The Australian Government’s new $1.5 billion industrial fund cautiously follows this trend. I expect it to continue as governments reinvent (rediscover) industrial policy while studiously avoiding calling it that

- Are we at the bottom of the supply-side barrel? – A lot of the policy to date has focused on supply. Everything to do with training, apprenticeships, education, or helping people find work hopes that more educated workers and more flexible labour markets will eventually create demand.

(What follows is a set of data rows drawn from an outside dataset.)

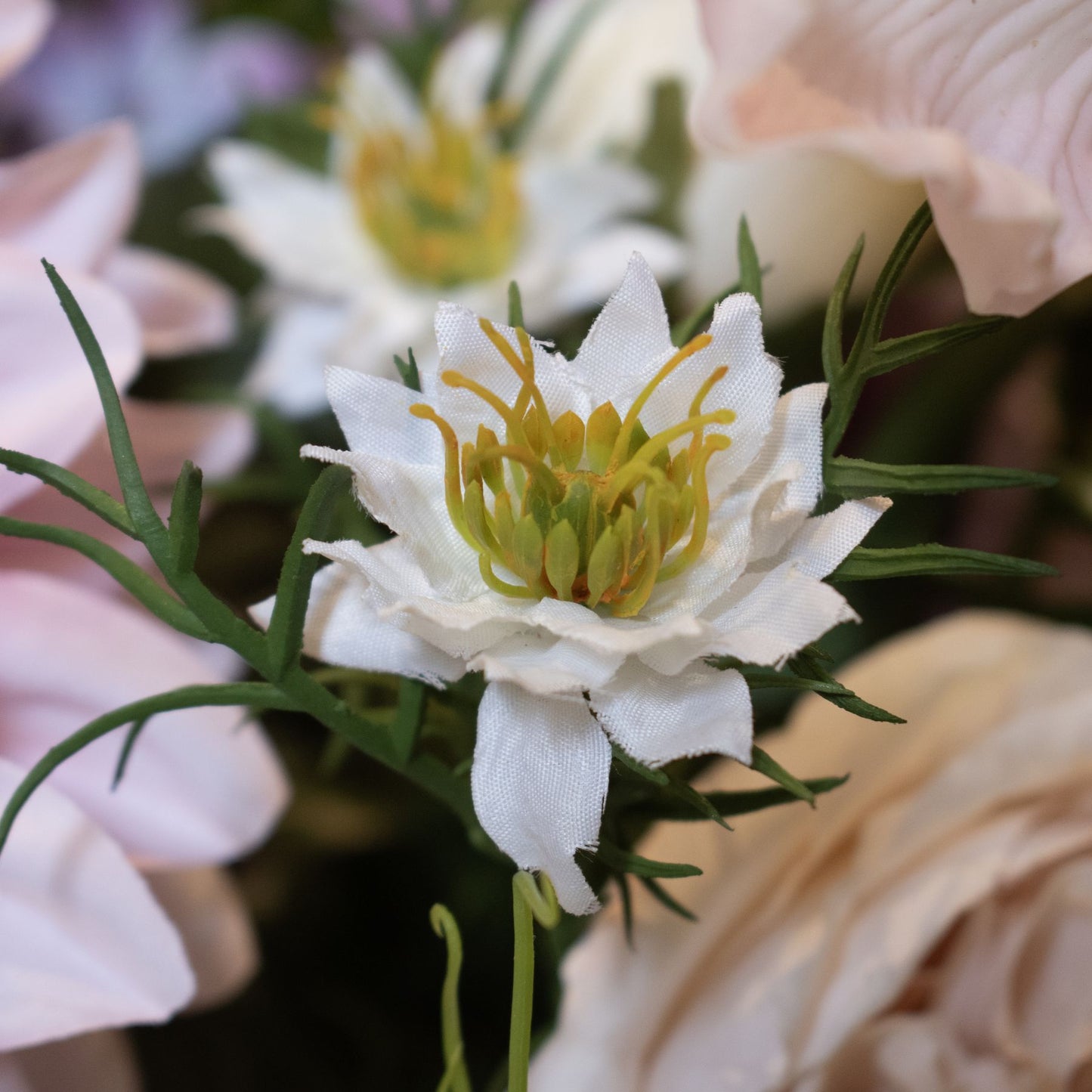 The Natural Garden Collection White Nigella Love In A Mist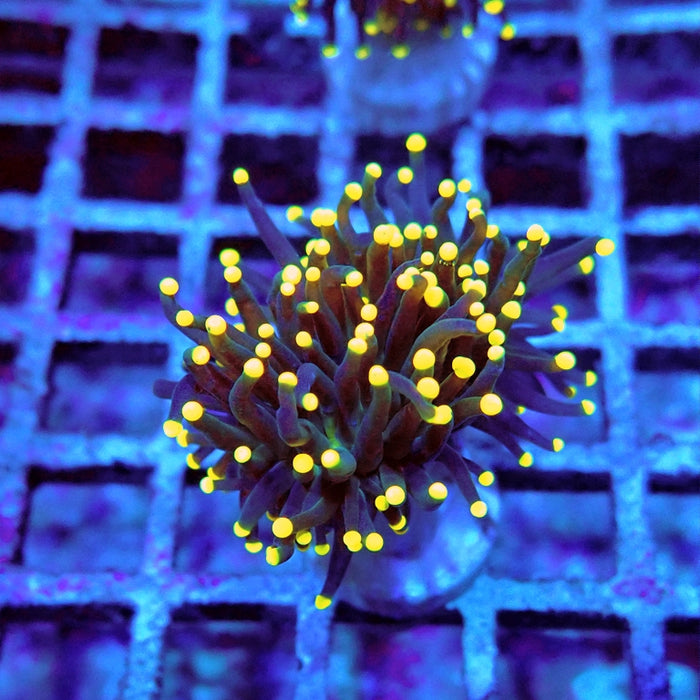 Euphyllia Dark Yellow Tips Torch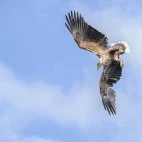 White-tailed eagle in Isle of Mull, Scotland.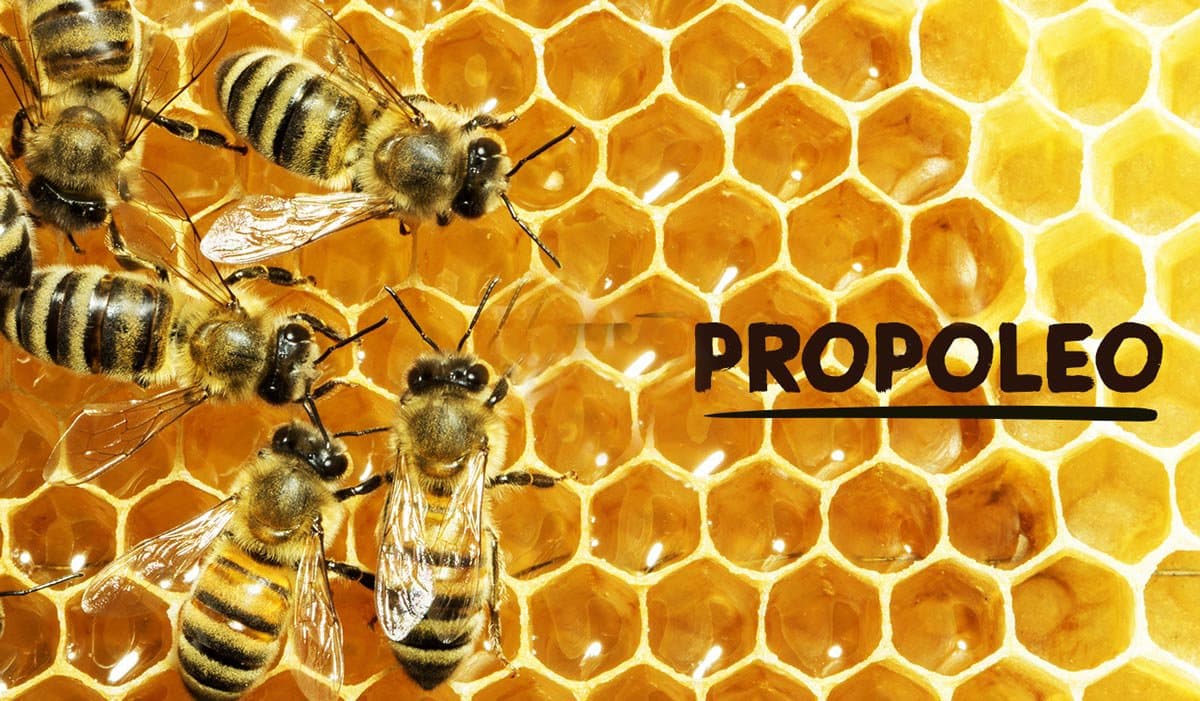 PROPOLIS: GREAT BENEFITS
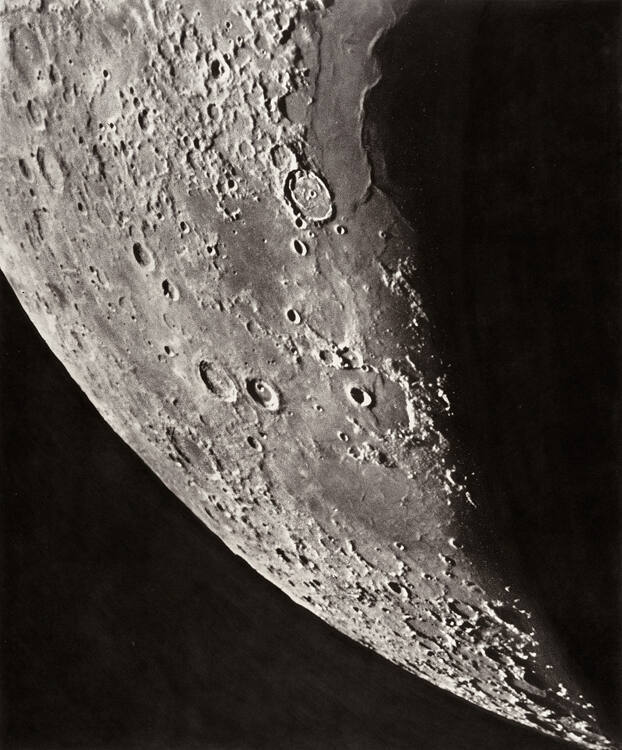 Plate XXVIII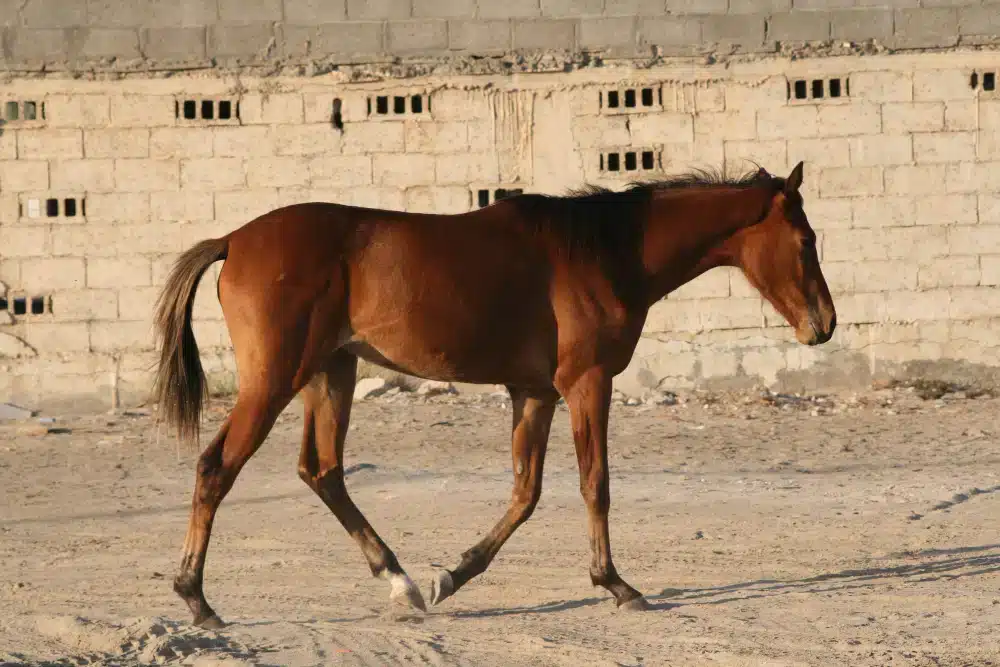 chestnut Arabian horse in a ground 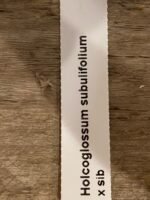 Holcoglossum subulifolium x sib (3” Pot) - Image 7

There have been some efforts to target demand. Wage replacement policies like JobKeeper maintain existing sources of consumer demand. New payments for pensioners, the (predictable and grotesque) tax cuts, and new expensing rules are all potential sources of demand, but rely on the private sector choosing to spend/invest the new money. They might choose to sit on it. I know I will. The policies ultimately depend on confidence and uncertainty improving enough for the incentives to kick in. We will have to wait and see what the animal spirits do.
An alternative could be government more actively directing investment, or even building things itself (like social housing, which has barely increased in 20 years). This direct approach, and government spending more generally, is still viewed with caution despite renewed interest in Keynesian economics. This has roots in several reasons I won’t go into here, except to say some are very questionable (e.g. government spending is self-defeating because infinitely long-sighted people will factor in future tax hikes to pay for it [which never happen] and offset the spending accordingly).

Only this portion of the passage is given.